Apparently, some newspapers, TV networks, cable channels, and outdoor advertising venues are refusing to carry ads for Kevin Smith's new mainstream comedy Zack and Miri Make a Porno. Why? Because of what's deemed as the "objectionable content of the ads" -- namely, the name.

The movie, starring Elizabeth Banks and Seth Rogen, is exactly what you would imagine from the likes of Smith and Rogan, the men responsible for Mall Rats, Superbad, and Pineapple Express: it's a goofy parody about a pair of friends who decide to make (really low-end) pornography to get out of debt.

Fox Sports had broadcast Zack and Miri commercials during Los Angeles Dodgers games, but dropped them after some viewers complained, the Associated Press reports. Across the country, the city of Philadelphia has refused to hang posters for the film at bus stops.

Has nobody told these critics that we're in a recession? With ad spending just at the beginning of what's likely to be a long, slow, downward spiral, shouldn't they ease up a little on the whole "puritanical values" thing?
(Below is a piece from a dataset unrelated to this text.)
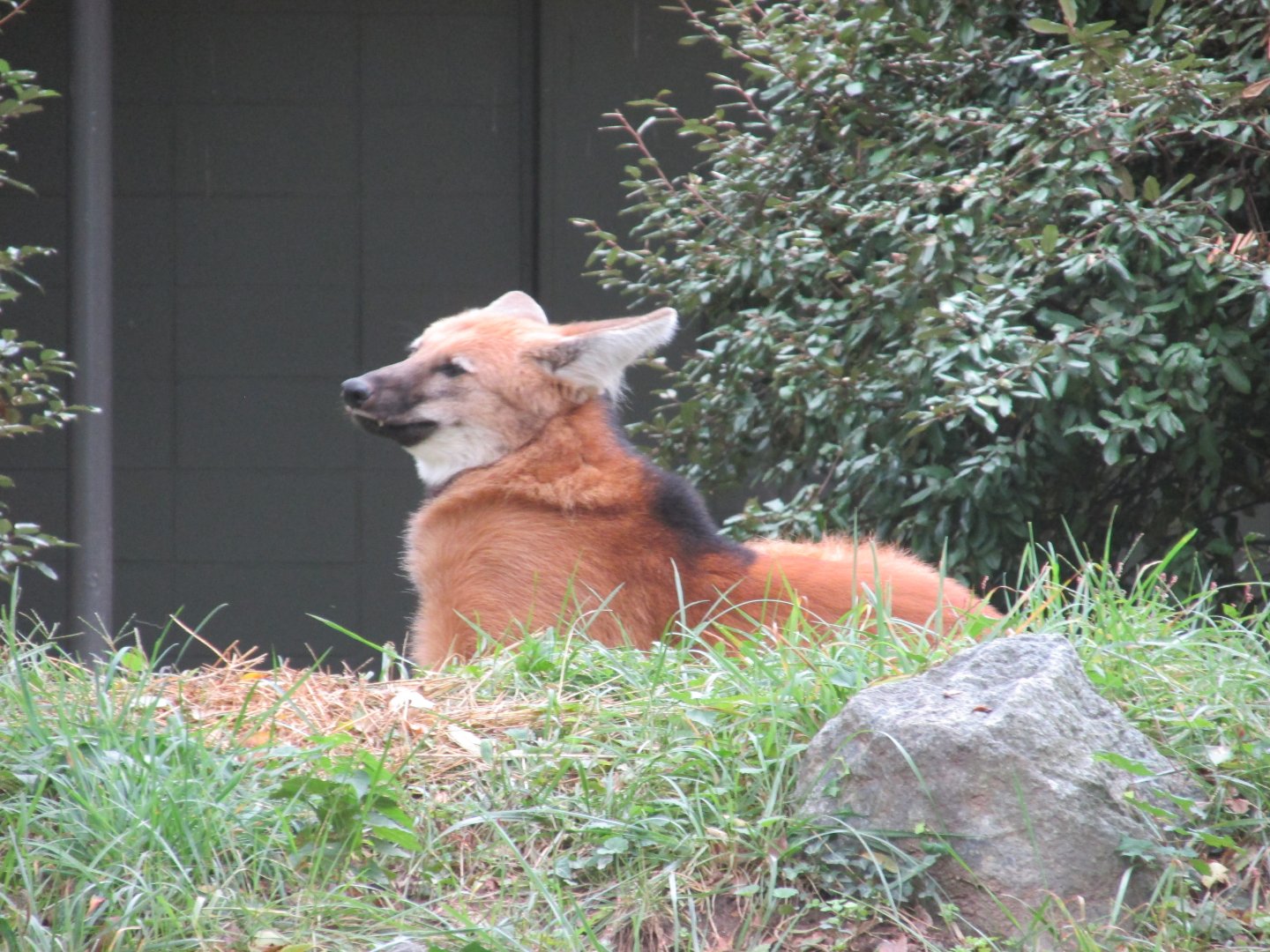 maned wolf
The word "porno" doesn't violate any of the indecency standards of the Federal Communications Commission or the Motion Picture Association of America, but parents are nonetheless concerned over the effect of the ads on their children.
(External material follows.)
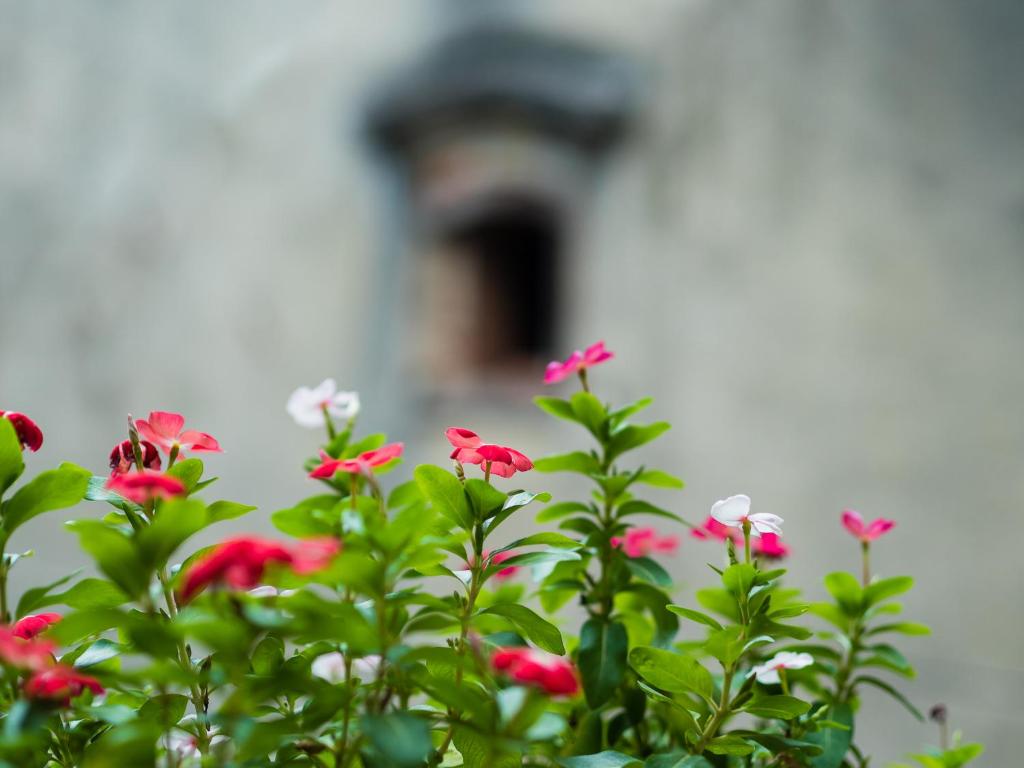 Hanoi Balcony Homestay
Diane Levin, an education professor specializing in child development at Boston's Wheelock College, told the Associated Press that she found the use of stick figures in the ads (above) particularly subversive when it came to corrupting our nation's youth.

That's ironic, because the Weinstein Company (which is distributing the film) substituted the stick figures for actors in an effort to go above and beyond in placating the M.P.A.A.

Furthermore, Levin said that the posters at city bus stops "send a message to children that working in the porn industry is an acceptable occupation."

If parents really believe that's the danger with ads for Zack and Miri Make A Porno, they aren't giving children enough credit. Children are actually quite good at figuring out that -- whether its porno-producing roommates, pandas that know kung fu, or demon-fighting boy wizards, just because you see it in a movie that doesn't make it true.

In fairness, I saw Pretty Woman as a child and drew dubious conclusions about the desirability of the occupations depicted therein.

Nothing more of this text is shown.